Only the lines below, from the one with "６本⭐️クリストフルマルリーディナースプーン" through the one with "Disc Rotors and", are to be written out, exactly.

• [Input data]
******

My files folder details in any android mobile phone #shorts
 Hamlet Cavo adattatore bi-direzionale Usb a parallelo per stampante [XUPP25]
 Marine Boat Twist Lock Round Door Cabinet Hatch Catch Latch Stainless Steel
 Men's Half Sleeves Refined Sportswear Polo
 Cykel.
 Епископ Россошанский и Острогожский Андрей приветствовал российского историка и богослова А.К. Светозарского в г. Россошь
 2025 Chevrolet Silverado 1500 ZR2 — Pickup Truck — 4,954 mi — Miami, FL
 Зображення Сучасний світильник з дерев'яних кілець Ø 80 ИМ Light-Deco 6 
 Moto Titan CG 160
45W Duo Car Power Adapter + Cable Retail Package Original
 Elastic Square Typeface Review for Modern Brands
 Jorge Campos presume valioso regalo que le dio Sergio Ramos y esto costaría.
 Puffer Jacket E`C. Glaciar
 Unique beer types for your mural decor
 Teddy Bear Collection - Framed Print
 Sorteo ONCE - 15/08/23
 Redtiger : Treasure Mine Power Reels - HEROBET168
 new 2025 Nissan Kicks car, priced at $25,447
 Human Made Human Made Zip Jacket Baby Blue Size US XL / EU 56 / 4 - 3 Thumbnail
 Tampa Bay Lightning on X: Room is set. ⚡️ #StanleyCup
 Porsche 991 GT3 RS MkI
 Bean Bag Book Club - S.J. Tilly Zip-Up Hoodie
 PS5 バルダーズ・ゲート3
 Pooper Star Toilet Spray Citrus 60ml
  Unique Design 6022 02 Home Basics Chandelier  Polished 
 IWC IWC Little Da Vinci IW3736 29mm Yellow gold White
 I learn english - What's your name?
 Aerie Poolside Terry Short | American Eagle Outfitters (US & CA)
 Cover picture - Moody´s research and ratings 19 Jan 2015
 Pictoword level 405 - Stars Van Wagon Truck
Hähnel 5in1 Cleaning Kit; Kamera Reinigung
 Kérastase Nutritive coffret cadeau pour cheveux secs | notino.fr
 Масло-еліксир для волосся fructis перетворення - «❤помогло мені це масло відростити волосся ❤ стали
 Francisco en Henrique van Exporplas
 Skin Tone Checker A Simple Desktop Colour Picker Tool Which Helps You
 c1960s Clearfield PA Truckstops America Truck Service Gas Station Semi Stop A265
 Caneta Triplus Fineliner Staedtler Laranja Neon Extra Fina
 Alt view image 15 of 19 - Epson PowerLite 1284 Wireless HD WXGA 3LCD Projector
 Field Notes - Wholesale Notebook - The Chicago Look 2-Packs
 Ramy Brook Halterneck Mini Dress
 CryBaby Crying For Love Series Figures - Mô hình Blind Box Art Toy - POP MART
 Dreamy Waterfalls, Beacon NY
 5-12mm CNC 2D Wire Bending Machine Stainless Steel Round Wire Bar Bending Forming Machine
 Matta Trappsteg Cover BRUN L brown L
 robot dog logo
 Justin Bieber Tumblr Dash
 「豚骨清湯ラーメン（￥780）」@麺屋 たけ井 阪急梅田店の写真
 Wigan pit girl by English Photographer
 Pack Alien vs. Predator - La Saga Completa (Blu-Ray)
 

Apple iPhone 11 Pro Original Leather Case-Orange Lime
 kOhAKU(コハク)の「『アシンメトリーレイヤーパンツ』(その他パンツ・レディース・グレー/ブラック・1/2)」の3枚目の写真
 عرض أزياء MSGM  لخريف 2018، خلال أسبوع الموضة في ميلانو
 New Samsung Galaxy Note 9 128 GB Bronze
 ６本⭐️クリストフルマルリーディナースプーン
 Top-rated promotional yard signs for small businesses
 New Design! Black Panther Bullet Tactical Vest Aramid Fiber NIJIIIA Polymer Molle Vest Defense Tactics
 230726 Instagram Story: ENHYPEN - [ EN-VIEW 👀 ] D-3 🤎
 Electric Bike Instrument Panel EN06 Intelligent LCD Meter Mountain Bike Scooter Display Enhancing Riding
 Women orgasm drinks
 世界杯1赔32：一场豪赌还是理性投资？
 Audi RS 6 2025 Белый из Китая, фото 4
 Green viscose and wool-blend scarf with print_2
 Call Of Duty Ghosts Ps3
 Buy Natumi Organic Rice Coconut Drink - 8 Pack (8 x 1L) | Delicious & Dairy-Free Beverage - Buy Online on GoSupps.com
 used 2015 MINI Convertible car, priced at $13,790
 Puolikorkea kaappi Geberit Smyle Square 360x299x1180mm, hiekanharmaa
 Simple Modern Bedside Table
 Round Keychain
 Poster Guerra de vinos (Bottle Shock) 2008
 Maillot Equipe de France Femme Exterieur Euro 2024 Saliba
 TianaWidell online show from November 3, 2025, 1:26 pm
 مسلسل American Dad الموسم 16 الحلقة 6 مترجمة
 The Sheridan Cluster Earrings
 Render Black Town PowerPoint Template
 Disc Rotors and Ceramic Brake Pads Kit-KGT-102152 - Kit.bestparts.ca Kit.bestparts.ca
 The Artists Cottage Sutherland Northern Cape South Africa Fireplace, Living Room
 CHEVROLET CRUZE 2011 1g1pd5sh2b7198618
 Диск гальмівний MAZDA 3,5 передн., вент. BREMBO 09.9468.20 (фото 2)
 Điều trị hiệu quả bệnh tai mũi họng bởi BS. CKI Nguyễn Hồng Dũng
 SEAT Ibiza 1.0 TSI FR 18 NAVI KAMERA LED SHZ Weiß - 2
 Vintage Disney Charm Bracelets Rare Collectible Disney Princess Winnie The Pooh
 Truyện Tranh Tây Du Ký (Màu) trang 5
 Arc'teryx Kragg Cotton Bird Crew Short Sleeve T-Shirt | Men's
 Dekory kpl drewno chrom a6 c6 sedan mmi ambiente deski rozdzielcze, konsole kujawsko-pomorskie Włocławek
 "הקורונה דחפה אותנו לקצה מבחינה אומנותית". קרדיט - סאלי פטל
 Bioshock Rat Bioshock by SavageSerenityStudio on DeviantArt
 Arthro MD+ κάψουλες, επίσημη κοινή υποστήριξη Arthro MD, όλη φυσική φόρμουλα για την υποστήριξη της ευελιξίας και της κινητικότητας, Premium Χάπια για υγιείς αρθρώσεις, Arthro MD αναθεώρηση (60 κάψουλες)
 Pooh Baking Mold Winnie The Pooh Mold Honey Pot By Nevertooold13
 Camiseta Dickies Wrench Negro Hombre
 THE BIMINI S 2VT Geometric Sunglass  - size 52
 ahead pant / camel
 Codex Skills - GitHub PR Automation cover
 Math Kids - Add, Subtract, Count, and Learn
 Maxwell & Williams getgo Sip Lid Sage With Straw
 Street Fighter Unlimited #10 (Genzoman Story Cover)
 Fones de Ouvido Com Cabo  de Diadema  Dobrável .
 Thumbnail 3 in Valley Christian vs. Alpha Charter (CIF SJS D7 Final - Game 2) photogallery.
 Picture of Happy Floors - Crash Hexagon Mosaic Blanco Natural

******

• [Result for this exercise]
 ６本⭐️クリストフルマルリーディナースプーン
 Top-rated promotional yard signs for small businesses
 New Design! Black Panther Bullet Tactical Vest Aramid Fiber NIJIIIA Polymer Molle Vest Defense Tactics
 230726 Instagram Story: ENHYPEN - [ EN-VIEW 👀 ] D-3 🤎
 Electric Bike Instrument Panel EN06 Intelligent LCD Meter Mountain Bike Scooter Display Enhancing Riding
 Women orgasm drinks
 世界杯1赔32：一场豪赌还是理性投资？
 Audi RS 6 2025 Белый из Китая, фото 4
 Green viscose and wool-blend scarf with print_2
 Call Of Duty Ghosts Ps3
 Buy Natumi Organic Rice Coconut Drink - 8 Pack (8 x 1L) | Delicious & Dairy-Free Beverage - Buy Online on GoSupps.com
 used 2015 MINI Convertible car, priced at $13,790
 Puolikorkea kaappi Geberit Smyle Square 360x299x1180mm, hiekanharmaa
 Simple Modern Bedside Table
 Round Keychain
 Poster Guerra de vinos (Bottle Shock) 2008
 Maillot Equipe de France Femme Exterieur Euro 2024 Saliba
 TianaWidell online show from November 3, 2025, 1:26 pm
 مسلسل American Dad الموسم 16 الحلقة 6 مترجمة
 The Sheridan Cluster Earrings
 Render Black Town PowerPoint Template
 Disc Rotors and Ceramic Brake Pads Kit-KGT-102152 - Kit.bestparts.ca Kit.bestparts.ca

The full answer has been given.